Besides seeing the directors direct, the cameramen shoot and even that person with the "take" slate, audience members get to see gaffes and ad libs.

On "NewsRadio," cast members Joe Rogan, Phil Hartman and Andy Dick sometimes go into the audience during long breaks.

"One time, Dave Foley had to get into a dress," Rogan said, "and it took a long time, over an hour, so I climbed into the crowd."

During tapings of UPN's "In the House," series star LL Cool J raps to the crowd, and co-star Alfonso Ribiero does a little breakdancing.

In some cases, you hear dirty language that is off the script. Tim Allen seems especially comfortable on stage and often gets a bit off color.

"It's the things that you don't expect that are some of the funniest things," said Dave Gonzalez, 33, of Pacoima, who was in a recent "Home Improvement" audience. "I found myself laughing more at the mistakes than the actual lines. Sitcoms are so predictable, I knew how it was going to go."

Gonzalez, coming from the San Fernando Valley, where many shows are produced, is not the typical audience member. Nobody is. The audiences usually are a mix of European tourists, college frat guys and groups trying to raise a few bucks. With scenes often done more than one time, a taping can make for a very long evening.

"Luckily, everything was done in one or two takes. I enjoyed myself," Gonzalez said. "It went by pretty fast."

But even after a three-hour-long evening with an audience, the process actually bogs down after the audience leaves. Usually there are some extra shots to take, called pickups, which are the same sets or situations from different angles. These might be used to open a scene, for example.

"Pickups take forever . . . the whole energy grinds to a halt," English said. "There's no energy to it anymore. I've done shows with audiences and without audiences and, by far, it's much better with."

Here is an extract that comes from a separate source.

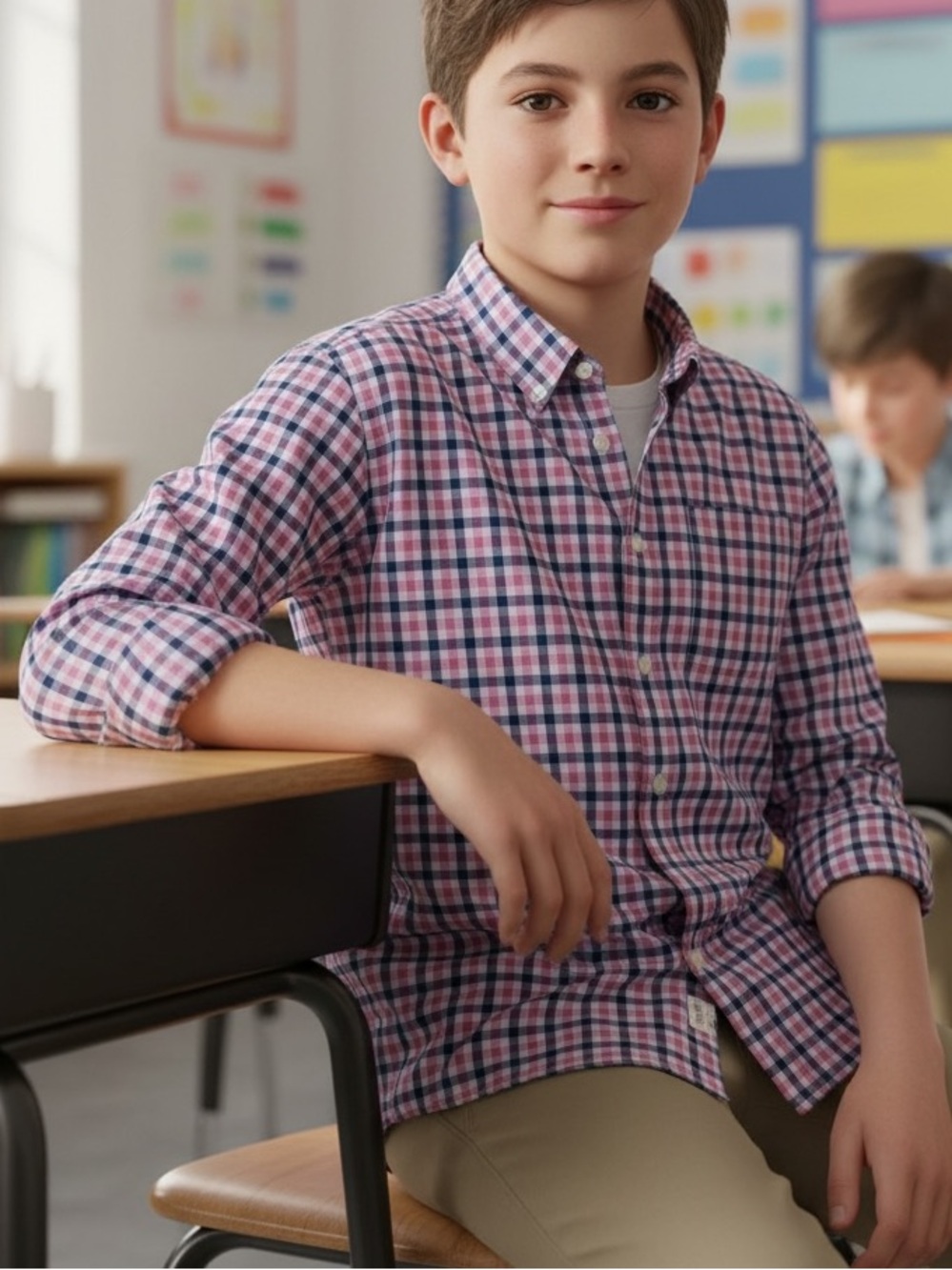 Dressed Up By Gymboree Pink & Blue Check Button-Down Shirt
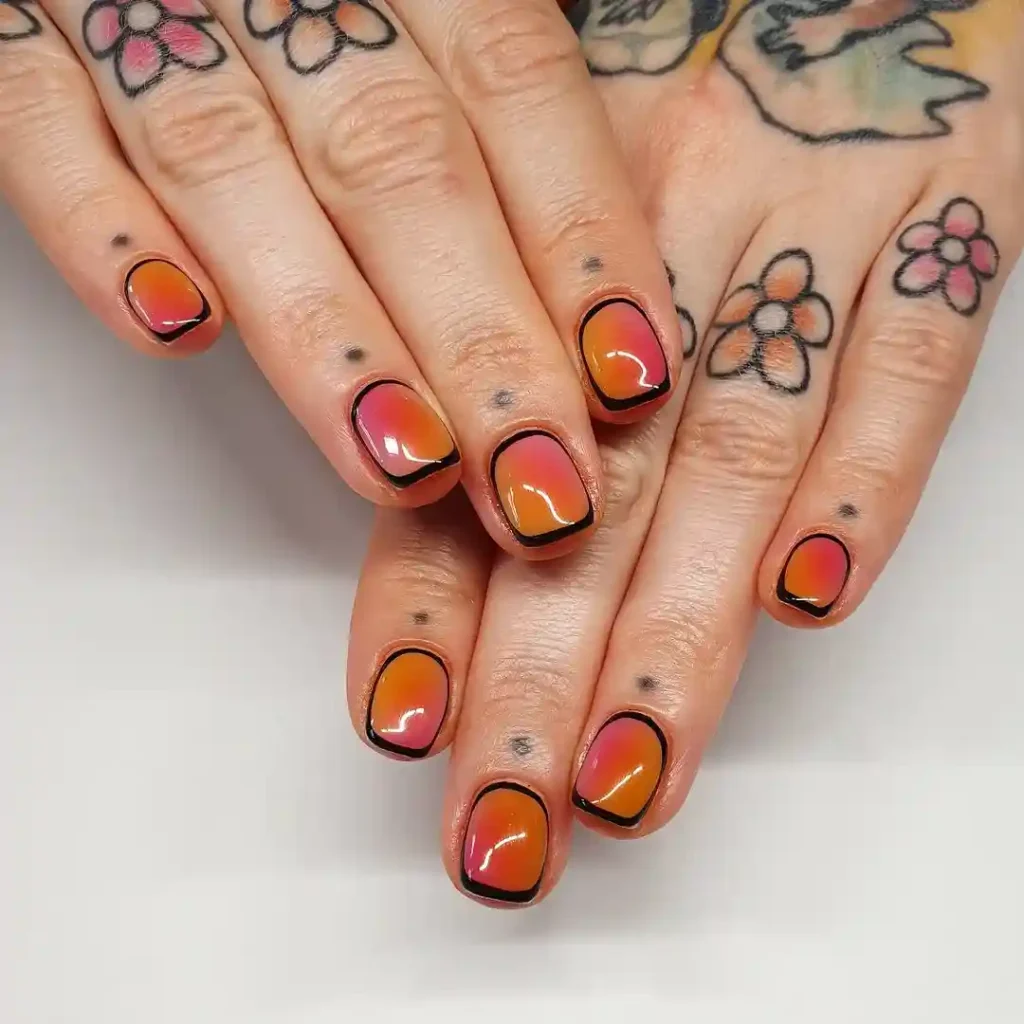 Burnt Sunset Aura Nails with Black Outline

"A show without a studio audience is not as good," agreed "NewsRadio's" Rogan. "You can see the difference. Everybody is pumped up. And a lot of times they have already seen everything twice and have to see it a third time.

"I've seen other shows when they try to keep people from leaving. I've been to `Party Girl' (already pulled from the Fox schedule) and people were leaving like the place was on fire. They were trying to hold people in their seats. On `Hardball' (his last series), we had a hard time, especially because the director was slow."